**Description of the task:** Your copy should hold only the lines from the one holding "Een keuken met" through the last line of the records below, both included, each exact and with no pictures.

(Captioned web image data)
*** Begin section ***

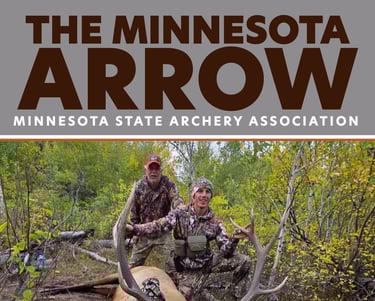Bo Holand and his father posing with his harvested elk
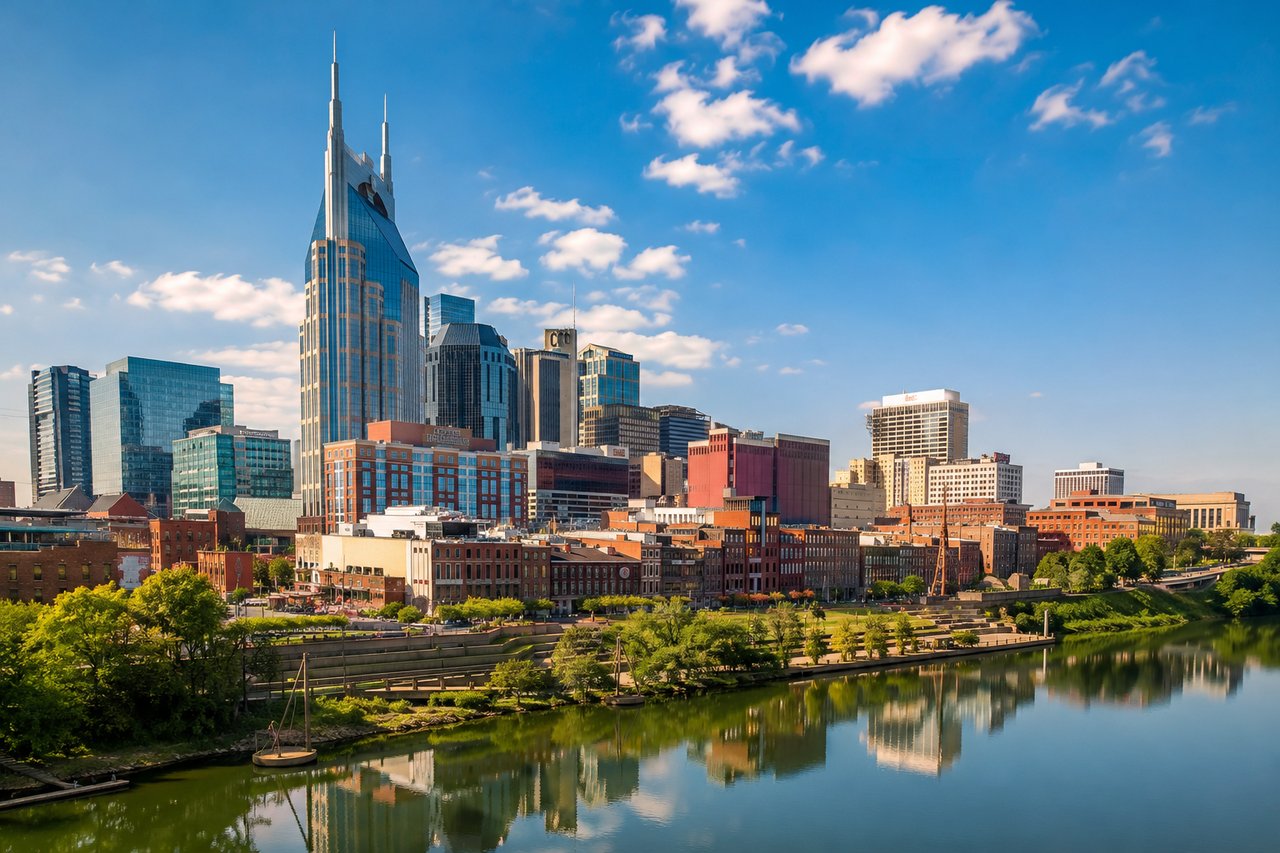 Downtown Nashville skyline overlooking the Cumberland River on a sunny day, representing Tennessee's thriving economy, luxury real estate market, and the appeal of relocating for lower taxes and an exceptional quality of life.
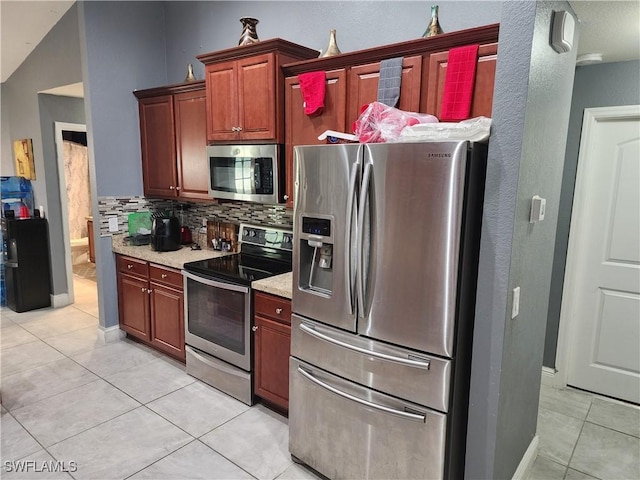 915 Alvin Ave, Lehigh Acres, FL 33971 - kitchen featuring light tile patterned floors, stainless steel appliances, baseboards, and decorative backsplash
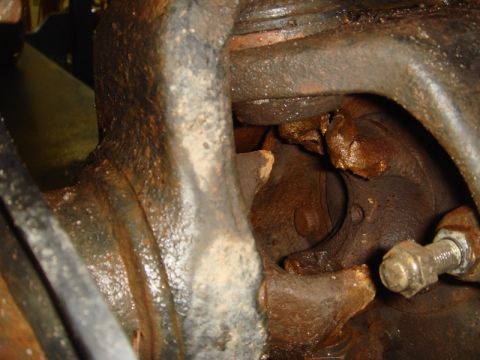 1996 Ford Bronco - Close-up view of heavily corroded and damaged vehicle suspension components.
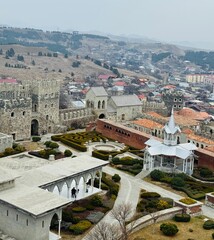 Aerial view over Rabati Castle complex in Akhaltsikhe, Georgia, revealing fortified walls, historic buildings, gardens, and the layered architecture of the restored medieval citadel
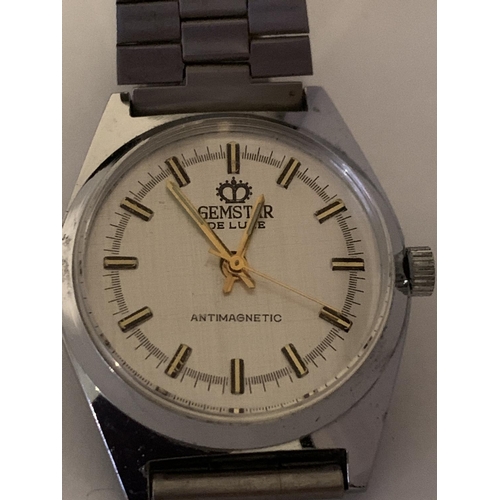 511 - A GEM STAR DE LUX WRIST WATCH IN WORKING ORDER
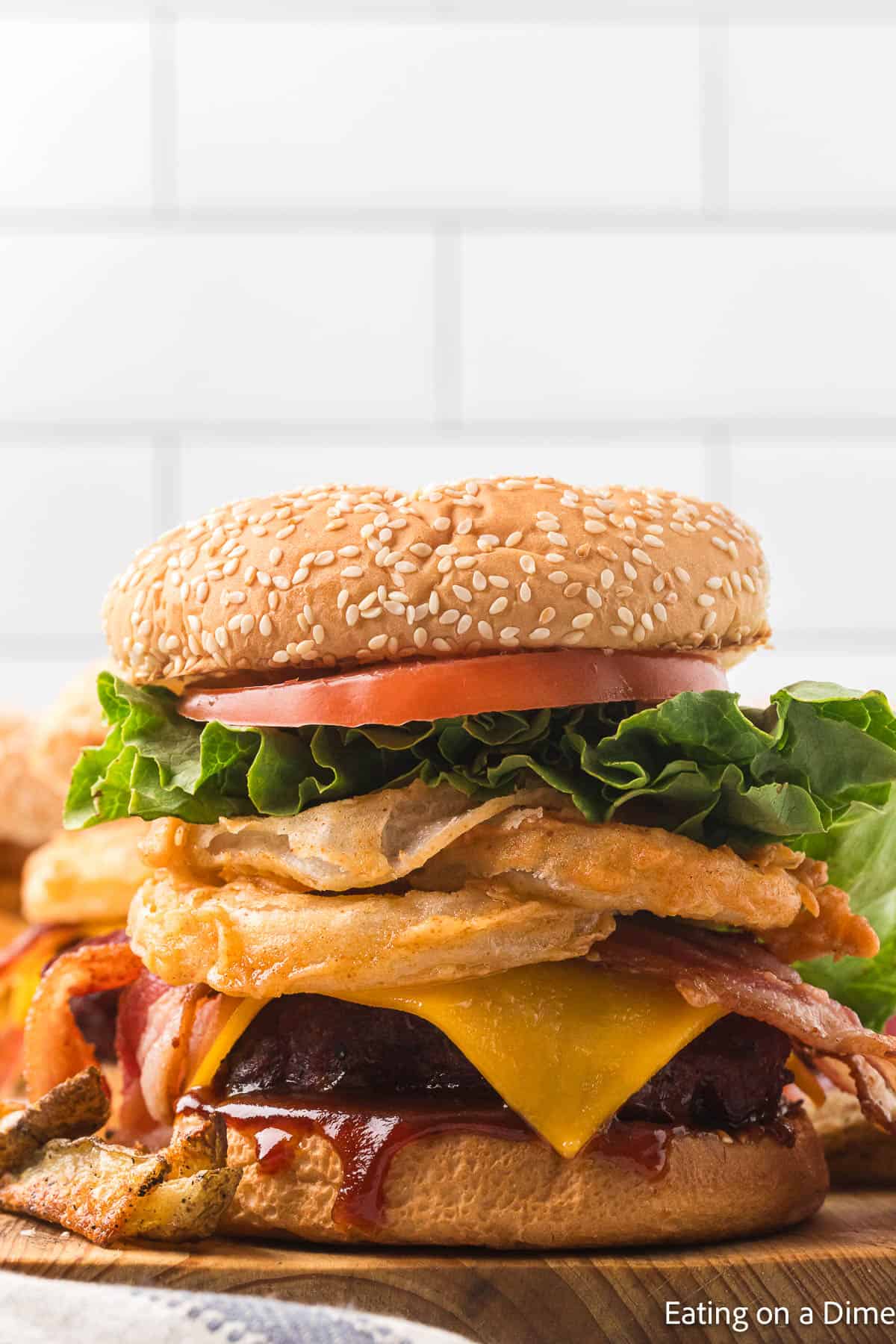 Hamburger that has slice tomato, green lettuce, crispy onion rings, bacon slices, slice of cheese and hamburger beef patties and BBQ Sauce all between seeded hamburger buns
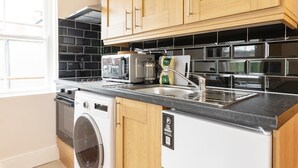Een keuken met houten kastjes, een wasmachine en een magnetron.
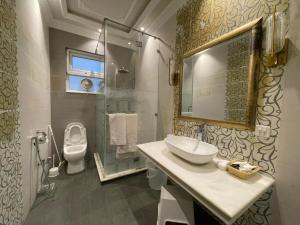 y baño con lavabo, aseo y espejo. en Arish Luxury Suites en Skardu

*** End section ***

**Answer space:**
Een keuken met houten kastjes, een wasmachine en een magnetron.
 y baño con lavabo, aseo y espejo. en Arish Luxury Suites en Skardu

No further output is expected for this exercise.